Le ragioni del Sì alla riforma della Giustizia

Le Camere Penali hanno anche elaborato un decalogo, per sostenere le ragioni del Sì al ddl Nordio. Su uno dei punti più dibattuti della riforma, la cosiddetta separazione delle carriere, il segretario della Ucpi Rinaldo Romanelli – pur ammettendo che il  tema interessa ormai marginalmente il passaggio di funzione tra giudice e pm – ha sostenuto come la norma sia necessaria per dividere le strutture organizzative fra magistratura giudicante e inquirente,  perché: "per essere terzo il giudice non può condividere ‘la stessa casa' con il pubblico ministero. Da questo punto di vista l'Italia è un assoluta anomalia tra le democrazie moderne. La condivisione di giurisdizione è tipica dei regimi autoritari".

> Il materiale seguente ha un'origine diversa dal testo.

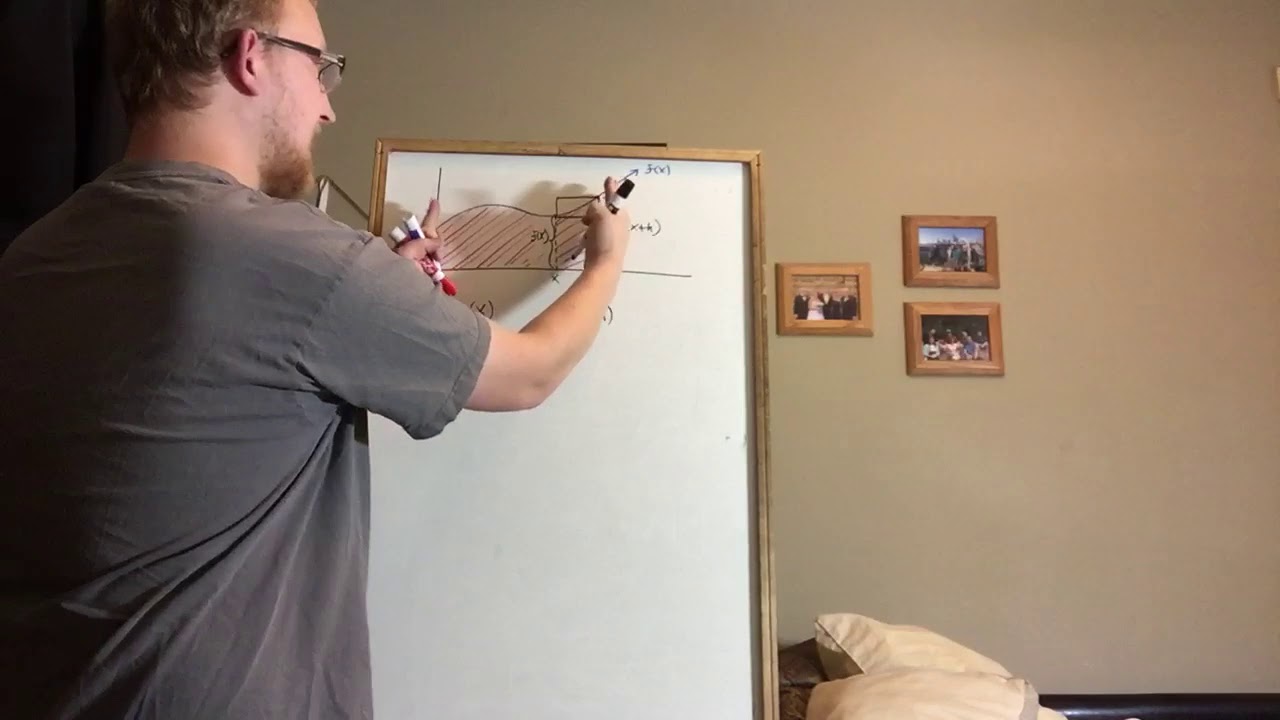 Proof that derivatives and integrals are inverse operators geometrically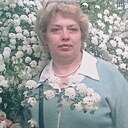 Знакомства: Алена, 57 лет, Алматы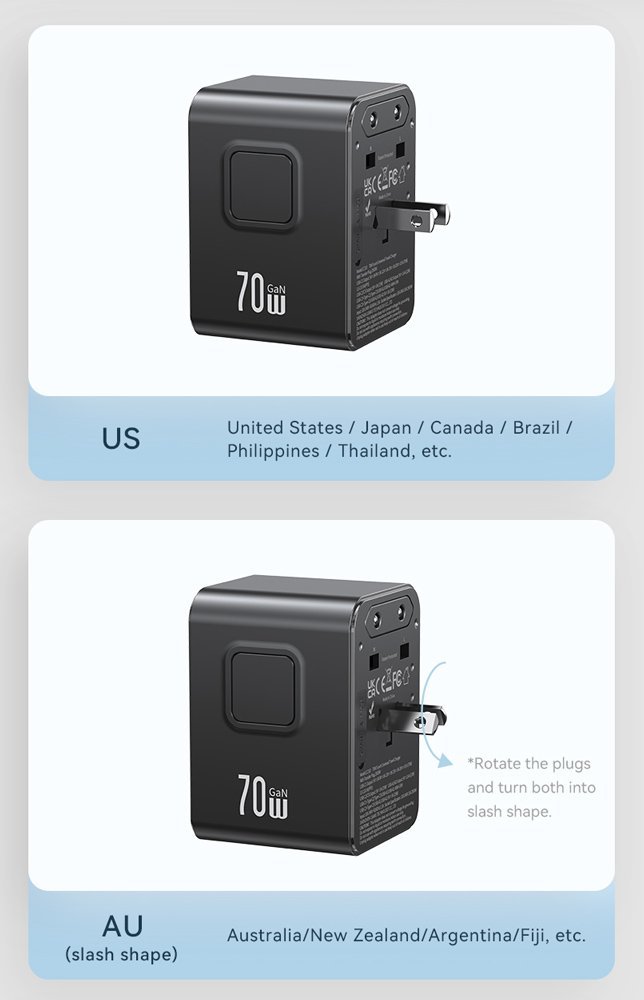 USAMS φορτιστής/αντάπτορας πρίζας , 2x USB & 3x USB-C, universal, 70W, μαύρος - Image 6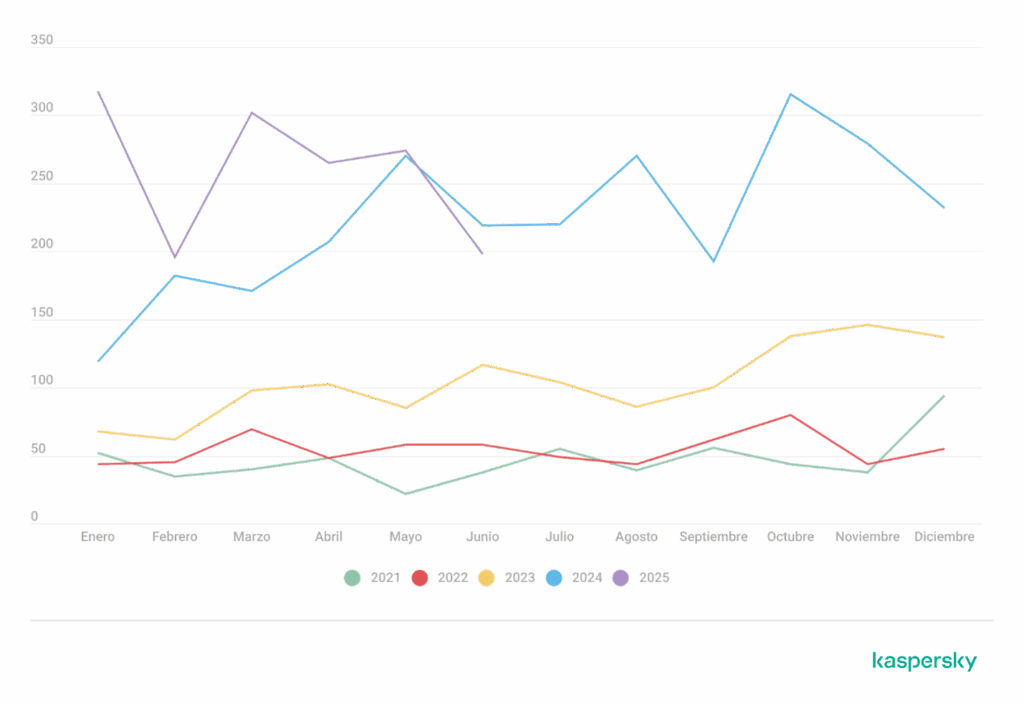 Line chart showing the monthly evolution of vulnerabilities detected between 2021 and 2025, with five colored lines representing each year.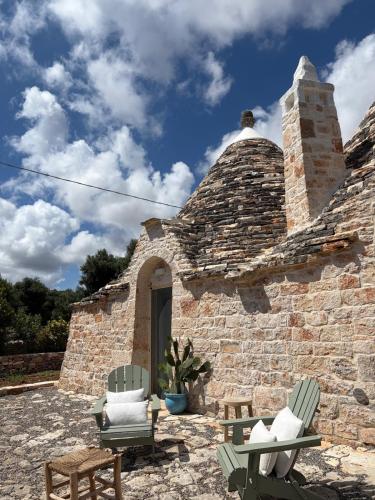 Trulli Alélia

Sull'altro punto chiave al centro della discussione, il sorteggio per le cariche all'interno dei due Csm e della nuova Alta Corte Disciplinare, Romanelli ha giustificato la scelta dicendo: "Le degenerazioni correntizie non sono finite con il caso Palamara, il sorteggio è un rimedio a un sistema che opprime il Csm e tutti i magistrati". E il presidente della Fondazione dell'Ucpi  Beniamino Migliucci ha attaccato: "I magistrati devono spiegare perché tutti hanno le competenze necessarie a comminare un ergastolo, ma non tutti per ricoprire un ruolo organizzativo".